The tax increase was defeated.
IFTA isn't a tax. It's a reconciliation of taxes paid, vs. taxes owed. It stands for International Fuel Tax Agreement, and was an agreement between the trucking industry and the states with respect to fuel taxes paid vs. due. Prior to IFTA, companies had to file for permits in, and file tax reports to, each and every state they drove in to pay these same taxes. IFTA isn't the problem. It was a reasonable solution to a problem.
It's quite different for average Joes just driving the family sedan cross-country.
You file that one report to your base jurisdiction and pay any amount due (or get your refund from) that same jurisdiction. Then all the funds sent to your base jurisdiction are sent to/received from the other jurisdictions via a clearing house. You pay no more in taxes than you would have the old way by filing in each and every state in which you drove.
As with all new taxes.
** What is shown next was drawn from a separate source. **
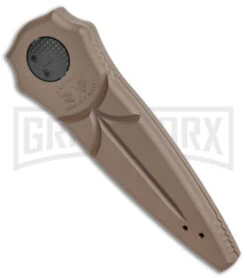 Front Page -Knife Store Paragon Warlock Cross Knife Dark Earth Aluminum Black BHQ 34473 jr spine large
The old gas tax will remain, the new mileage tax will be imposed. The state will be double dipping.
I'm with you on that one! TN has a high sales tax but it's fair across the board, rather than an income tax that only taxes the working person. I haven't been out of TN in probably 10 years, except for a quick hop across the border into Georgia now and then. Now, if we could just get our farmers and government to stop worshiping illegals!
I am by no means in favor of such a scheme... but the idea of some tree-hugger in their electric go-cart getting the same tax bill as anyone else who drove the same distance in a gas-guzzler makes me laugh out loud.
No tax ever dies. If they get a mileage tax, it is certain they’ll keep the per gallon tax, too. You’ll end up paying both. Plus there is the little matter of retrofit or die for older vehicles. I have a few in their 40s or older, and I’m not chopping them up, and I’m not parking them, either.
In our state, there already is. The heavier a vehicle, the more it costs for registration.